18. The electronic device based on multilayer thin films of claim 14, wherein the electronic device is characterized as an all-solid-state battery, with the multilayer thin films formed by the thin film structure and thin films formed on its inner and outer surfaces consisting of alternating layers of solid electrolyte and conductive electrode layers.

19. The electronic device based on multilayer thin films of claim 10, wherein the bottom of the thin film structure includes an additional carrier substrate combined to it.

20. The electronic device based on multilayer thin films of claim 19, wherein the thin film structure additionally includes a support layer made of glass material on its inner surface.

21. The electronic device based on multilayer thin films of claim 19, wherein the distance between the centers of adjacent microchannels in the thin film structure is less than 5 μm.

22. The electronic device based on multilayer thin films of claim 19, wherein the aspect ratio of the microchannels is between 30 and 1000.

23. The electronic device based on multilayer thin films of claim 19, wherein the external areas of the outermost thin films of the inner and outer surfaces of the thin film structure are filled with a conductive electrode material, forming conductive electrode layers.

24. The electronic device based on multilayer thin films of claim 23, wherein the materials used for forming the conductive electrode layers are precious metals, metals, heat-resistant metal nitrides, oxidation-resistant metal nitrides, conductive oxides, or N+ doped polysilicon.

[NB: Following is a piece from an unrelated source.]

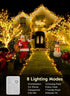 66FT 200 8 LED Christmas Tree Lights, Twinkle Fairy Lights String with Flashing Modes String Lights for Indoor Bedroom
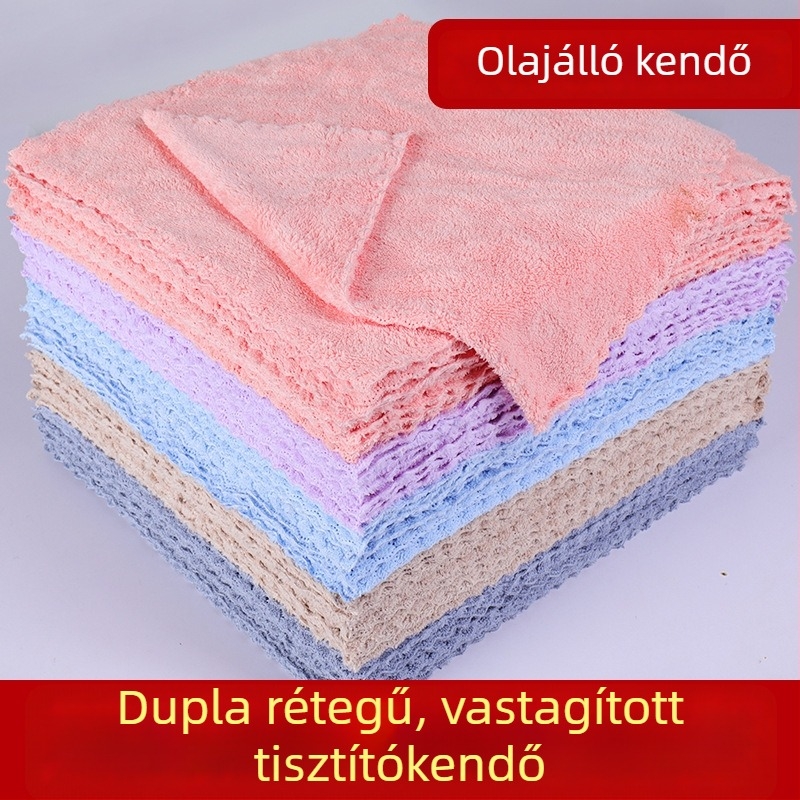 Mikroszálas konyhai törlőkendő – nem hullik, felszívja az olajat, tisztítja a szennyeződéseket, mosható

25. The electronic device based on multilayer thin films of claim 23, wherein the electronic device is characterized as a capacitor, with the multilayer thin films formed by the thin film structure and thin films formed on its inner and outer surfaces can be a structure where dielectric layers and conductive electrode layers are alternately stacked.

26. The electronic device of claim 25, wherein the dielectric layer is composed of an oxide of one or more metals selected from silicon, zirconium, titanium, tantalum, hafnium, aluminum, alkali metals, and alkaline earth metals, or an ONO dielectric.

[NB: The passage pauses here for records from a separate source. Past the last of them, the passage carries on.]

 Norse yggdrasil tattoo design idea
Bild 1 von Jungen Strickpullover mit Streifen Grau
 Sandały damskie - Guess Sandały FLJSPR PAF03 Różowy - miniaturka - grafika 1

27. The electronic device based on multilayer thin films of claim 23, wherein the electronic device is characterized as an all-solid-state battery, with the multilayer thin films formed by the thin film structure and thin films formed on its inner and outer surfaces consisting of layers alternating of solid electrolyte and conductive electrode layers.

28. A method for manufacturing the electronic device based on multilayer thin films, comprising steps of: (A) preparing a microchannel plate with multiple microchannels aligned perpendicularly to the surface;(B) depositing a thin film structure on the microchannel plate;(C) removing the microchannel plate; and(D) sequentially stacking one or more layers of thin film on both sides of the thin film structure.

29. A method for manufacturing the electronic device based on multilayer thin films of claim 28, wherein the microchannel plate is characterized as being made of glass or polymer material.

30. A method for manufacturing the electronic device based on multilayer thin films of claim 29, wherein the thin film structure is characterized as being composed of a conductive electrode material.

31. A method for manufacturing the electronic device based on multilayer thin films of claim 28, wherein the aspect ratio of the microchannels is characterized as being between 30 and 1000.

32. A method for manufacturing the electronic device based on multilayer thin films of any one of claim 28, wherein steps (A) and (C) are characterized as being performed by ALD or PEALD processes.

33. A method for manufacturing the electronic device based on multilayer thin films of claim 28, wherein step (B) is characterized as being carried out using diluted hydrofluoric acid or a mixture of NH4F and HF.

34. A method for manufacturing the electronic device based on multilayer thin films of claim 28, wherein the method is characterized by retaining 0% to 10% of the thickness of the microchannel plate after step (B).

35. A method for manufacturing the electronic device based on multilayer thin films of claim 28, wherein the last thin film formed in step (D) is characterized as a conductive electrode layer.

36. A method for manufacturing the electronic device based on multilayer thin films of claim 28, wherein after step (D), the method additionally includes step of: (E) filling the external areas of the outermost thin films of the inner and outer surfaces of the thin film structure with conductive electrode material to form a conductive electrode layer.

37. A method for manufacturing the electronic device based on multilayer thin films of claim 28, wherein the microchannel plate is characterized by having a carrier substrate attached to one of its surfaces.

38. A method for manufacturing the electronic device based on multilayer thin films of claim 37, wherein the microchannel plate is characterized as being made of glass or polymer material.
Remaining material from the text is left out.